Ce n’est pas de la langue métissée, c’est de la langue contaminée…

Il y a grande différence entre l’appropriation de mots venus d’une langue voisine parce qu’ils nous manquaient et accepter de renoncer à des mots qui existaient parce que le modèle anglo-saxon américain vient peu à peu les imposer sournoisement par des canaux divers.

Quand un auteur français (!) ose parler de « Trigger Warnings » alors que le mot « Avertissement » est parfaitement explicite et suffit, sa trahison est double : il tue un mot de la langue française pour nous imposer un terme américain et derrière ce terme, par dessus tout, il cède à l’idéologie économique dominante, laquelle ne veut pas que notre argent, mais veut aussi nous empêcher de penser. Ces « Trigger Warnings » dans une société judiciarisée, visent d’abord à s’éviter le risque d’un procès de la part d’un lecteur qui se trouverait traumatisé par des passages qui lui rappelleraient un épisode douloureux ancien et non à protéger le lecteur « fragile »…

Il existe en France une législation relative à la Littérature de Jeunesse ou par exemple une autre relative aux propos négationnistes ou à l’incitation au suicide , au delà, c’est de la responsabilité des parents, des éducateurs de s’assurer qu’aucun mineur n’accèderait à des textes qui ne lui conviendraient pas…

Michèle Bernard,dans sa chanson « Qui a volé les mots » nous rappelle que la langue française, heureusement non figée, s’est enrichie.

...
Voler aux Anglais, aux Allemands, aux Italiens
(C'est normal entre voisins) (x2)

Oui mais voilà ça va bien plus loin
Ils ont même volé les Polynésiens
Piqué paréo et tabou aux Tuamotu
Chez les Chinois le mot typhon soufflé pour de bon
Banane et macaque en Afrique, tu parles d'un trafic
Le raphia chipé aux Malgaches à coup de cravache
Même aux Arabes, c'est le bouquet, t'imagines pas c'qu'ils ont piqué !
Le barda, le safari, le café, le nénuphar
La guitoune et le satin, la valise et le hasard
Le magasin, le cramoisi, le charabia et l'alchimie
Le sirop, le sofa, le souk et la nouba
- extrait de "Qui a volé les mots" de Michèle Bernard

Quand je dis que « j’ai le flow », c’est à dire que je me trouve dans cet état heureux et autotélique de présence ou d’absorption totale à ce que je fais… c’est que je n’ai pas trouvé de mot meilleur que « flow » pour le dire en français.
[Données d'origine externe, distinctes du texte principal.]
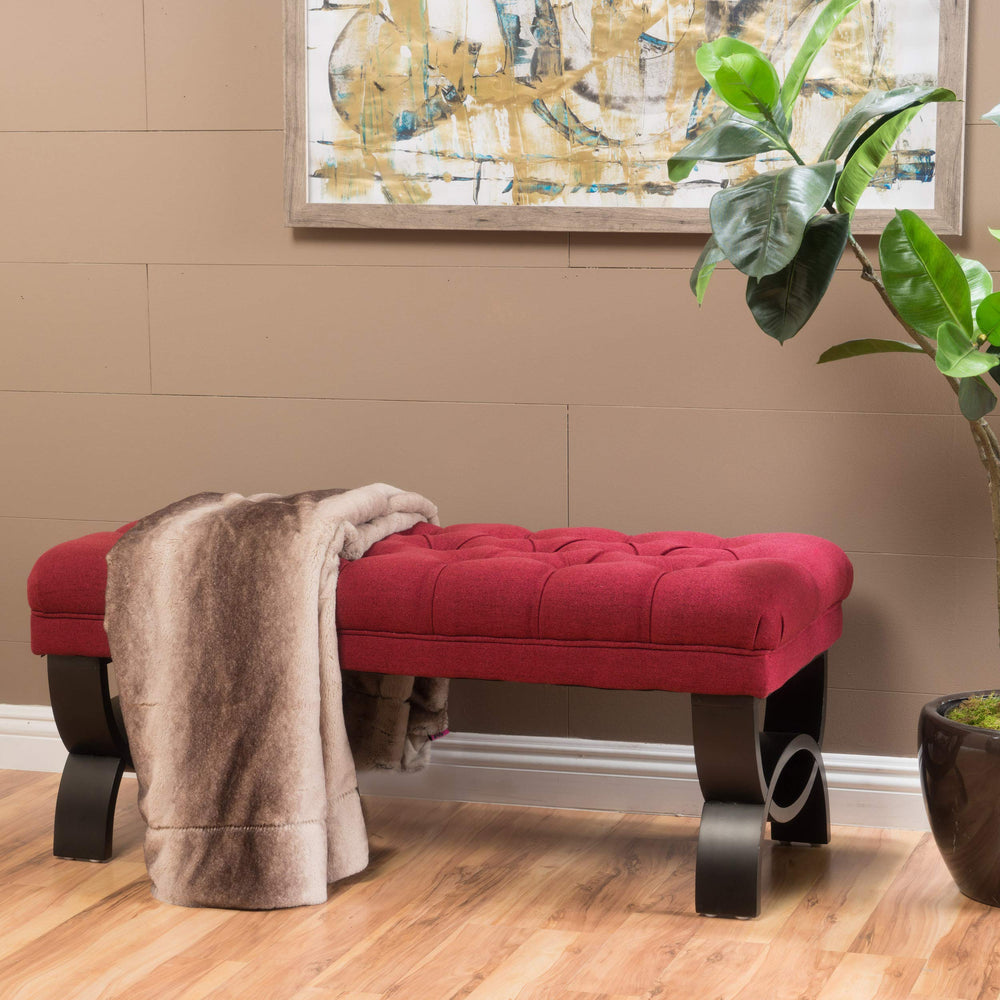 Tufted Fabric Ottoman Bench – Deep Red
Je ne prive pas ma langue, je ne la réduis pas, je l’enrichis…

J’emploie plus haut « happy few« . Ma référence était Stendhal. Qui savait aussi se moquer de la « haute »…
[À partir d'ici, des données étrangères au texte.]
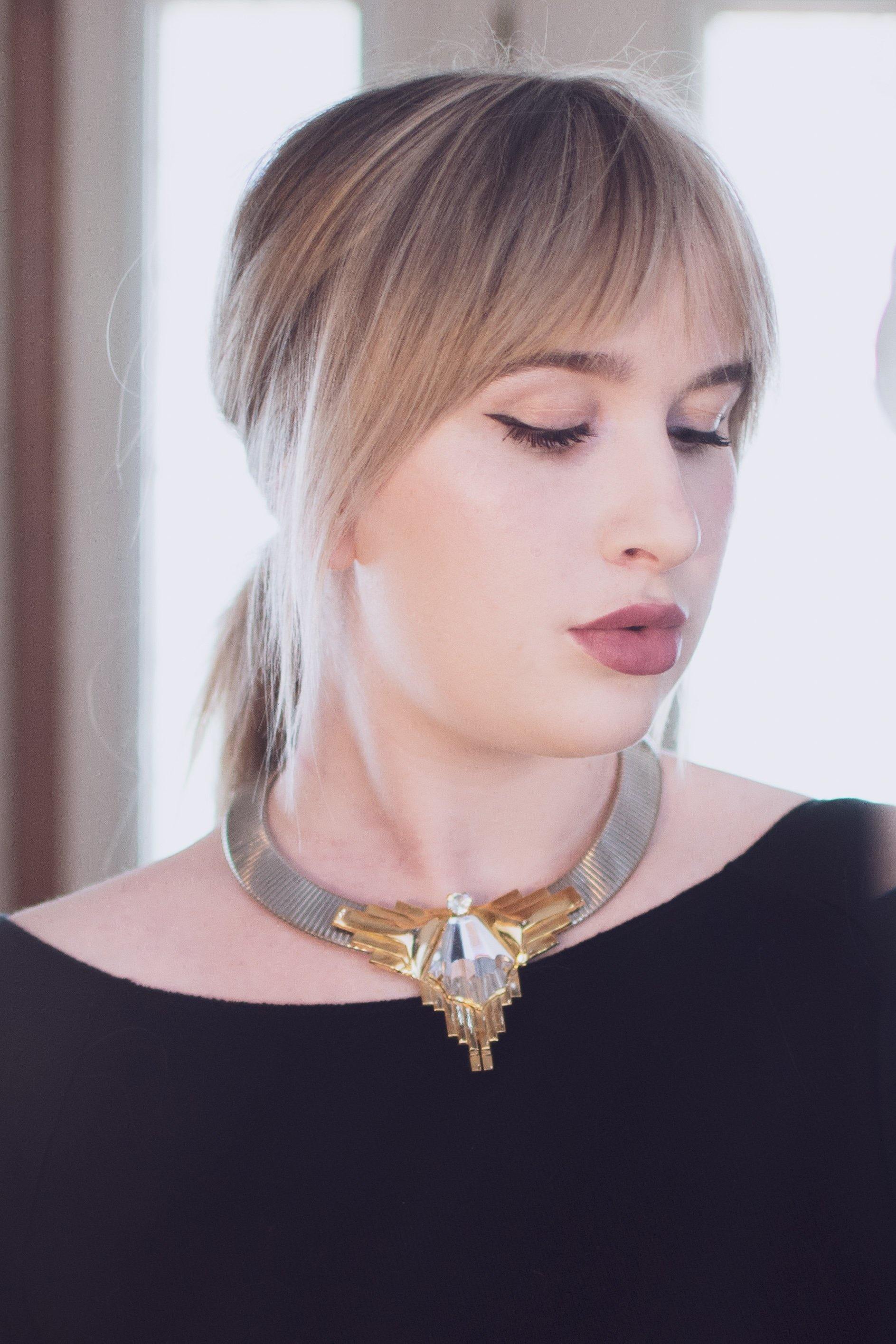 Vintage 1980s Art Deco Inspired Steampunk Collar Necklace in Silver with Gold Accented and Carved Geometric Crystal by 1980s - Vintage Meet Modern Vintage Jewelry - Chicago, Illinois - #oldhollywoodglamour #vintagemeetmodern #designervintage #jewelrybox #antiquejewelry #vintagejewelry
Nos amis du Québec ressentent dans leur « chair linguistique » cette domination de l’américain. C’est ainsi que les plus vifs d’entre eux ont inventé le courriel plutôt que le mail…
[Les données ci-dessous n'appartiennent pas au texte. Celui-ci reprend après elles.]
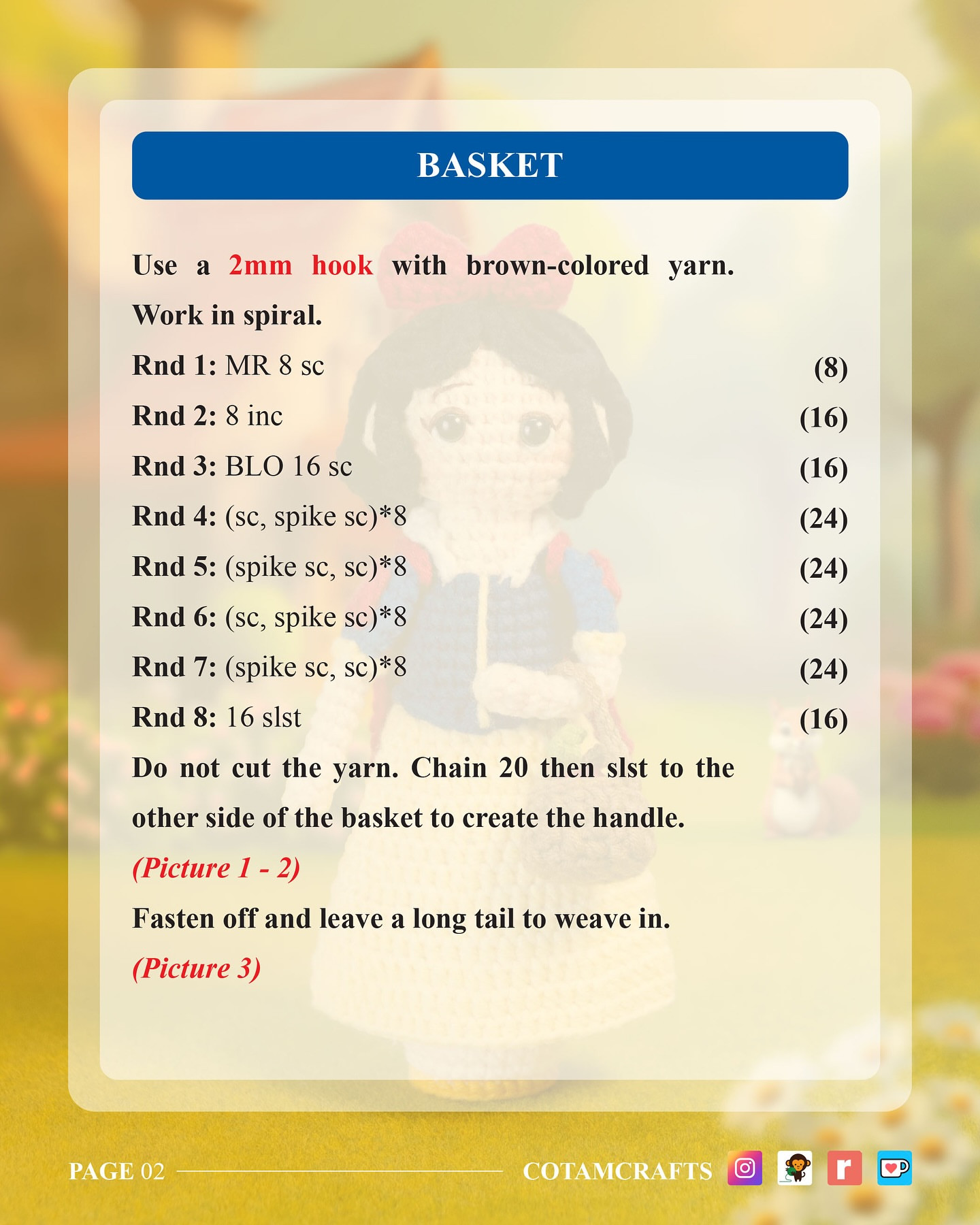 Cute Mini Crochet Apple Basket Free Pattern for Beginners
La Commission d’enrichissement de la langue française veut profiter des Jeux olympiques de Paris 2024 pour promouvoir la langue de Molière, et effacer des anglicismes. Elle a publié au journal officiel une liste de mots liés aux sports urbains. 

Acronymes et abréviations insupportables

Quand j’étais dans l’Éducation nationale, c’était un grand jeu que de jongler avec une palanquée d’acronymes. Les parents nous regardaient éberlués lorsqu’en réunion éducative nous demandions si l’enfant avait un PAI (projet d’accueil individualisé) en lien avec son PPS (projet personnel de scolarisation) , de combien d’heures d’AESH (accompagnant d’élèves en situation de handicap) il abénéficiait et s’il fréquentait les APC (activités pédagogiques complémentaires)…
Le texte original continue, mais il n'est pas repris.